Aim of the exercise ::
Please return every record exactly as written, leaving out the pictures.

START Material to process

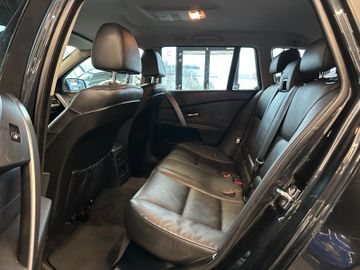 BMW 530 i Touring *Klima*Navi*Xenon*AHK*Freisprech*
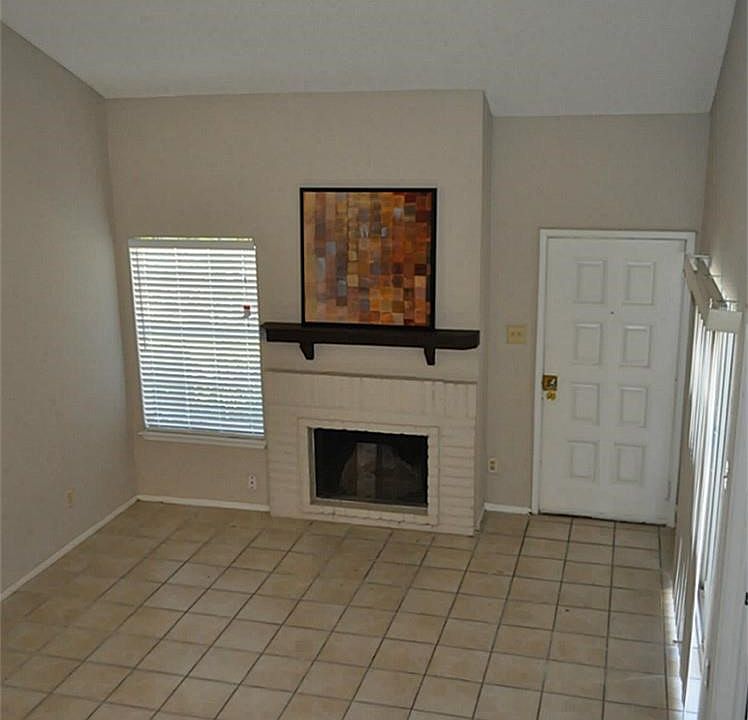 1st image of 12247 Sandpiper Dr #122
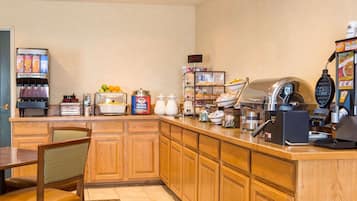 Bao gồm bữa sáng buffet hàng ngày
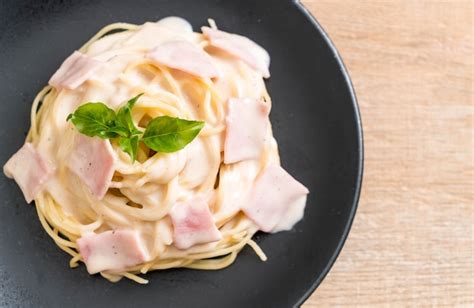 Premium Photo Spaghetti Carbonara Ham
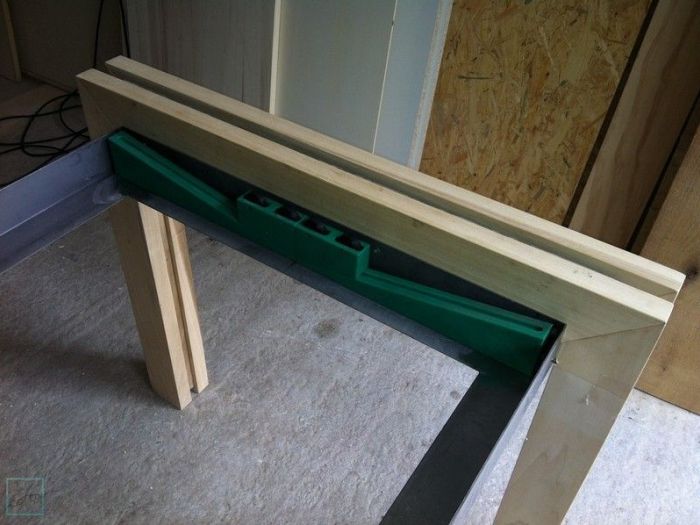 Archisio - Cofra Architettura Design Innovazione - Progetto Realizzazione di un tavolo ampliabile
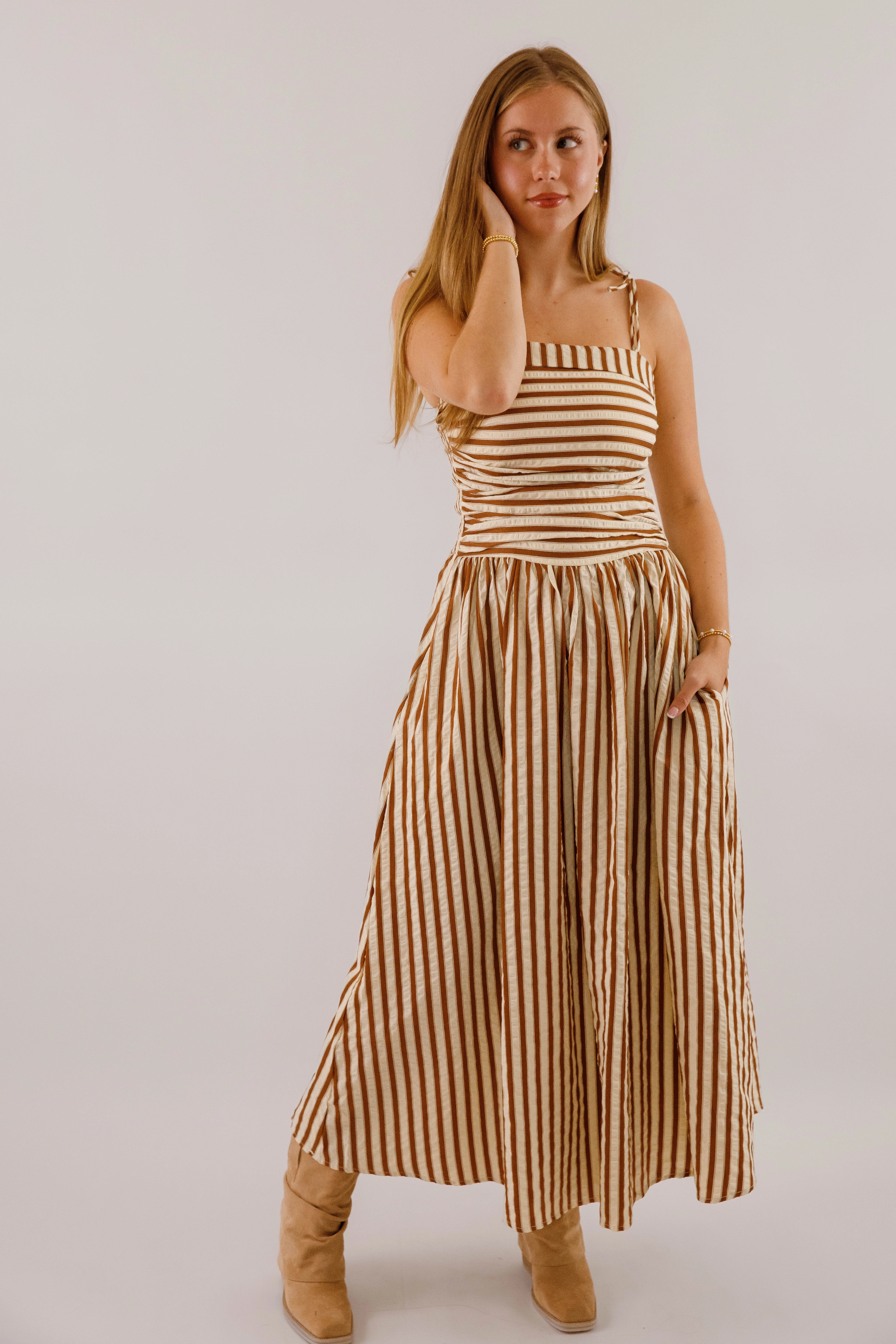 A Twist On Time Midi Dress Color Soft Smart Lines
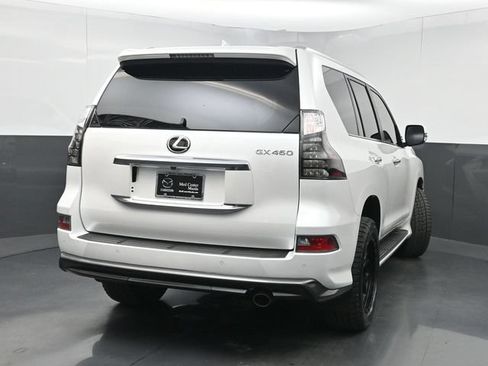 Used 2023 Lexus GX 460 Premium w/ Accessory Package AWD/4WD image 3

END Material to process

Result of the exercise ::
 BMW 530 i Touring *Klima*Navi*Xenon*AHK*Freisprech*
 1st image of 12247 Sandpiper Dr #122
 Bao gồm bữa sáng buffet hàng ngày
 Premium Photo Spaghetti Carbonara Ham
 Archisio - Cofra Architettura Design Innovazione - Progetto Realizzazione di un tavolo ampliabile
 A Twist On Time Midi Dress Color Soft Smart Lines
 Used 2023 Lexus GX 460 Premium w/ Accessory Package AWD/4WD image 3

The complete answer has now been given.